= Deputy chief constable =

Police officer rank in the United Kingdom

Deputy chief constable (DCC) is the second highest rank in all territorial police forces in the United Kingdom (except the Metropolitan Police, in which the equivalent rank is deputy assistant commissioner, and City of London Police, in which the equivalent rank is assistant commissioner, both of which wear the same insignia as a DCC). The British Transport Police, Ministry of Defence Police, Civil Nuclear Constabulary, and the Isle of Man Constabulary each also has a DCC.
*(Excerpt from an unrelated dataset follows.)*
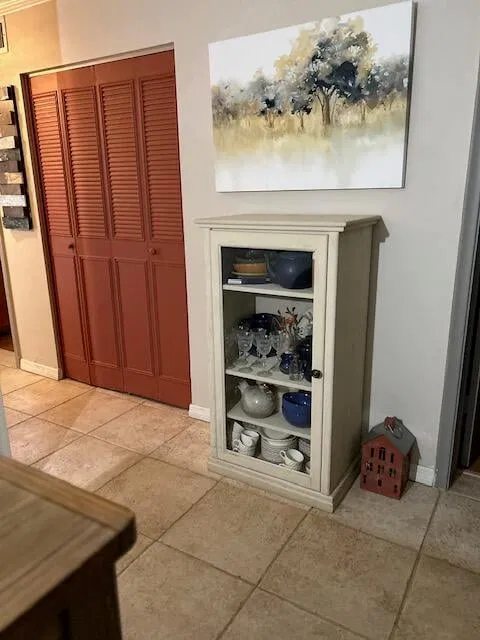 Unit 207 photo 10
Until 2006, each force could only have one DCC, who would normally be second-in-command to the chief constable. However, Schedule 2 of the Police and Justice Act 2006 amended the Police Act 1996 to permit more than one DCC within each force.

The DCC ranks above the assistant chief constables (ACC). The role of the DCC varies from force to force. In some smaller forces (usually those with only a single ACC or no ACC), they take responsibility for territorial policing, but in most forces the role covers corporate functions including professional standards.

The rank was abolished on 1 April 1995, following recommendations made in the Sheehy Report, later confirmed by the Police Act 1996, although officers already holding the rank could continue to hold it. Most forces continued to designate one of the ACCs as "designated deputy" to the chief constable. The Home Office officially reintroduced the rank on 1 January 2002 under the terms of the Criminal Justice and Police Act 2001.

==Insignia==
The rank badge worn by a DCC consists of a bath star ("pip") over crossed tipstaves within a wreath, similar to the insignia of a major-general in the British Army.